The operation for a septal myectomy is done through a short skin incision in the upper part of the chest, what we call a median sternotomy or partial median sternotomy. The patients are on the heart-lung machine for a period of 30 minutes, or so, while we work through the aorta to remove muscle from beneath the aortic valve. The amount of muscle that we remove is a little different in each patient, but generally it's about the size of one's thumb and that's done with the heart arrested and on the heart-lung machine. The total length of surgery takes about three to four hours. In general, patients are in the hospital for five to seven days for recovery and then can return to full activities in four to six weeks. Patients who are very symptomatic, with shortness of breath and fatigability, often will notice improvement in their symptoms, even before they go home. And if recovered completely from surgery, they can have a sense of improved perfusion, a sense of improved well being. And we've seen a number of patients who have remarked, even the day or two after surgery, that they can tell a difference in their breathing and in their perfusion immediately after surgery.

There's a second group of patients who we can help with surgery, now, who have hypertrophic cardiomyopathy and this is a little different than the standard surgical myectomy. The second group of patients are those who have apical hypertrophic cardiomyopathy and this is a particular type of hypertrophic cardiomyopathy where the enlargement of the ventricles localized to the apex of heart. Many patients with apical hypertrophic cardiomyopathy have no symptoms and require no treatment, either medical or surgical. But patients who have apical hypertrophic cardiomyopathy and have symptoms due to diastolic dysfunction can be helped with an operation called an apical myectomy. Diastolic dysfunction results from having too small of ventricular cavity size because the hypertrophied muscle encroaches on the left ventricular cavity. These patients often will have shortness of breath. Again, some of them have chest pain as a symptom from diastolic dysfunction, and their symptoms can be improved by enlarging their ventricles. And we do that by performing a myectomy through the apex of the heart, and we've treated approximately 50 patients with apical hypertrophic cardiomyopathy with this apical myectomy.

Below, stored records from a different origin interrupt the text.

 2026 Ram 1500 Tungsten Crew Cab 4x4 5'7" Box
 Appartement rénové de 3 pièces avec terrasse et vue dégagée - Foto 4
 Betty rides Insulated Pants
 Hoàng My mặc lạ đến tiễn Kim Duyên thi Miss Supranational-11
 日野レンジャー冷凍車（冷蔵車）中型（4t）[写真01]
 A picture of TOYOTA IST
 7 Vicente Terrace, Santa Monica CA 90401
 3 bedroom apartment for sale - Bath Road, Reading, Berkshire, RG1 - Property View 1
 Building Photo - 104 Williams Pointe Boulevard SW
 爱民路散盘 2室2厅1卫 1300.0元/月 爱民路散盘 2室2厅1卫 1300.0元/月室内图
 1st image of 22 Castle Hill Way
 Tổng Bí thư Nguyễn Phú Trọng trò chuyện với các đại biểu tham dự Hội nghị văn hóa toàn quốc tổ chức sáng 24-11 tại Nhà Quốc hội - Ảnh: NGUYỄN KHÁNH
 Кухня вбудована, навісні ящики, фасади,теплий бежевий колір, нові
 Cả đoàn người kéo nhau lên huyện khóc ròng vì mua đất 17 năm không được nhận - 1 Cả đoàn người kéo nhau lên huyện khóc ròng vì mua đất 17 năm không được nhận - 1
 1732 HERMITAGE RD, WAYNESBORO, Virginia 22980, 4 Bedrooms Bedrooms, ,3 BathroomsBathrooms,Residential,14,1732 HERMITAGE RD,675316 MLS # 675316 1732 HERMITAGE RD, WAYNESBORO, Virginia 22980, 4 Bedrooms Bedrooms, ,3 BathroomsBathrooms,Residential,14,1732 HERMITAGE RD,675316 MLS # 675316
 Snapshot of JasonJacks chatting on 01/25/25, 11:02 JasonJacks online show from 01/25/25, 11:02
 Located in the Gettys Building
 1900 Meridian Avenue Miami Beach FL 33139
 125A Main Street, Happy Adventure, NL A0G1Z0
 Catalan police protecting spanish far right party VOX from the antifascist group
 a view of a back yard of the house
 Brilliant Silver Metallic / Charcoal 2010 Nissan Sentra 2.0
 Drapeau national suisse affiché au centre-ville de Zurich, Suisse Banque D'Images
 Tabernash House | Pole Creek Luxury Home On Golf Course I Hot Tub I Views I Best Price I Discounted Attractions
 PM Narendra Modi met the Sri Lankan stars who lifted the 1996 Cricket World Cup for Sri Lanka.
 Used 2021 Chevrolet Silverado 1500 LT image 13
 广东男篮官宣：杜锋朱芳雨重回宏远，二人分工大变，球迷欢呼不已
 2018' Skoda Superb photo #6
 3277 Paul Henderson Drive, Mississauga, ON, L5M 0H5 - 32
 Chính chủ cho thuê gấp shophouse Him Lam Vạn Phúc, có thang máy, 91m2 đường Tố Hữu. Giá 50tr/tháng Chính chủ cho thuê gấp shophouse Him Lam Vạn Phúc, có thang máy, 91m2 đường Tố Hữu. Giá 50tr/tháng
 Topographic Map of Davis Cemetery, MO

The cardiologist and surgeons at the Mayo Clinic have a large experience with septal myectomy and apical myectomy. We've done well over 1,500 operations for this problem. The cardiologists here have seen thousands of patients with the disease and I think are in a very good position to be able to give advice on which patients need medical treatment, which patients need surgical treatment, and which patients need a defibrillator. The second point is that the patients require long-term follow-up and evaluation of other family members. And so I think that's something that the cardiologist have been very good at at Mayo, and that's investigating other family members to look for this genetic disease in patients who are family members, who might not be symptomatic. Patients who have hypertrophic cardiomyopathy should know that there's a surgical option. I think too often we see patients who have been followed, who continue on medical treatment, and are dissatisfied either with the improvement that they get with the medical treatment or they're dissatisfied with the side effects from the medicine and just aren't aware that there's a surgical option. So patients should ask their physicians, if they have hypertrophic cardiomyopathy, whether they might be a candidate for an operation. And if there's any question, of course, we'd be happy to look at their echocardiograms, or evaluate their clinical data, and see and give them an opinion about whether surgery might be helpful to them.